Databricks announced the launch of DBRX, a general purpose large language model (LLM) they say outperforms established open source models on standard benchmarks. DBRX democratizes the training and tuning of custom LLMs for enterprises without relying on a small handful of closed models. Paired with Databricks Mosaic AI’s unified tooling, DBRX helps customers rapidly build and deploy generative AI applications that are safe, accurate, and governed without giving up control of their data and intellectual property.

DBRX was developed by Mosaic AI and trained on NVIDIA DGX Cloud. Databricks optimized DBRX for efficiency with a mixture-of-experts (MoE) architecture, built on the MegaBlocks open source project.

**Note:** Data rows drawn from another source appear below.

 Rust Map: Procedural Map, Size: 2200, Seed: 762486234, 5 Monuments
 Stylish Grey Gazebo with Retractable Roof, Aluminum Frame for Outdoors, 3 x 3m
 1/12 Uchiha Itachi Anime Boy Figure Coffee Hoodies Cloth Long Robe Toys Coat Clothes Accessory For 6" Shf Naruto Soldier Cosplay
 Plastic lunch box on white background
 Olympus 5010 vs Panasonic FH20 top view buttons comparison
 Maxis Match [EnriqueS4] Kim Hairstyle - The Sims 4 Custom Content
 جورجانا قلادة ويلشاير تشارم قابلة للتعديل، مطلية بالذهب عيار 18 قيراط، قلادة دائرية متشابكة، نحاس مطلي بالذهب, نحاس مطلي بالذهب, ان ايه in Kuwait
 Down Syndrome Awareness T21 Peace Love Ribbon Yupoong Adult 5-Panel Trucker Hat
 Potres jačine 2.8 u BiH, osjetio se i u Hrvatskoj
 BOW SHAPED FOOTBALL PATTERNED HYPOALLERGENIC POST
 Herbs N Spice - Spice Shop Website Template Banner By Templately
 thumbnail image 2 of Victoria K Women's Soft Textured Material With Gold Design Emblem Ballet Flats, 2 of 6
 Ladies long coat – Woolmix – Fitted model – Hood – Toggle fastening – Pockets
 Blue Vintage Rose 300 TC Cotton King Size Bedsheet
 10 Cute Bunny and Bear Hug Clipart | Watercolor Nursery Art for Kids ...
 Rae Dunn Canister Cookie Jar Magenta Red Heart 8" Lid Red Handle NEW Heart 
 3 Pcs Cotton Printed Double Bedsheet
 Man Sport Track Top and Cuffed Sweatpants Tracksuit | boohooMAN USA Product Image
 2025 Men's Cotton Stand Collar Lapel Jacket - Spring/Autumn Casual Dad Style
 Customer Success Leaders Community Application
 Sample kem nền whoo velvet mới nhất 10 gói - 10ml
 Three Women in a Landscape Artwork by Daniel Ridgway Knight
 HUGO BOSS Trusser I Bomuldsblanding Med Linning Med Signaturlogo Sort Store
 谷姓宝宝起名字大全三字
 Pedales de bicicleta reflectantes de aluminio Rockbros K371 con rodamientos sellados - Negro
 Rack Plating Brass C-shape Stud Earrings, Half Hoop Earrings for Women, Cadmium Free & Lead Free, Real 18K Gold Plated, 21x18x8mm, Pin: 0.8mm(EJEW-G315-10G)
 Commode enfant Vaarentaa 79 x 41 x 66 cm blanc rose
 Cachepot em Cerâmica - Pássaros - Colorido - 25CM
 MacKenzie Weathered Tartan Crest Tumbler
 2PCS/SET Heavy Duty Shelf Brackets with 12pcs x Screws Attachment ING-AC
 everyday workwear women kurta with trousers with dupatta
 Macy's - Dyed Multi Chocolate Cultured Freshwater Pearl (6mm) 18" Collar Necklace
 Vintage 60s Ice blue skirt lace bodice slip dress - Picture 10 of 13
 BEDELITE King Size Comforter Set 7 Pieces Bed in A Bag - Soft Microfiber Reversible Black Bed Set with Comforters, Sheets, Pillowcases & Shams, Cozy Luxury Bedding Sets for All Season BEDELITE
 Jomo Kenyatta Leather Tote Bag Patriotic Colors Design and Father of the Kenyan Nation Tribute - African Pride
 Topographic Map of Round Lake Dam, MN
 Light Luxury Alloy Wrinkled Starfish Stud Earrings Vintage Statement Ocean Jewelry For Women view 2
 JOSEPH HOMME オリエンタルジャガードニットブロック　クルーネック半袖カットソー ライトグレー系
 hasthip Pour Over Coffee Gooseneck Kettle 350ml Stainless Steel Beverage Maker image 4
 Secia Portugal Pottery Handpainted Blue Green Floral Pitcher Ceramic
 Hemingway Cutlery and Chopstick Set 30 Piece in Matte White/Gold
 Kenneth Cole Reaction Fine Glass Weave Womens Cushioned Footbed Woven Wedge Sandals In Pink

For a look at model evaluations and performance benchmarks compared to existing open source LLMs like Llama 2 70B and Mixtral-8x7B, and to see how DBRX is competitive with GPT-4 quality for internal use cases such as SQL, visit the Mosaic Research blog.

DBRX is available on GitHub and Hugging Face. On the Databricks Platform, enterprises can leverage its long context abilities in retrieval augmented generation (RAG) systems, and build custom DBRX models on their data. DBRX is also available on AWS and Google Cloud, as well as directly on Microsoft Azure through Azure Databricks.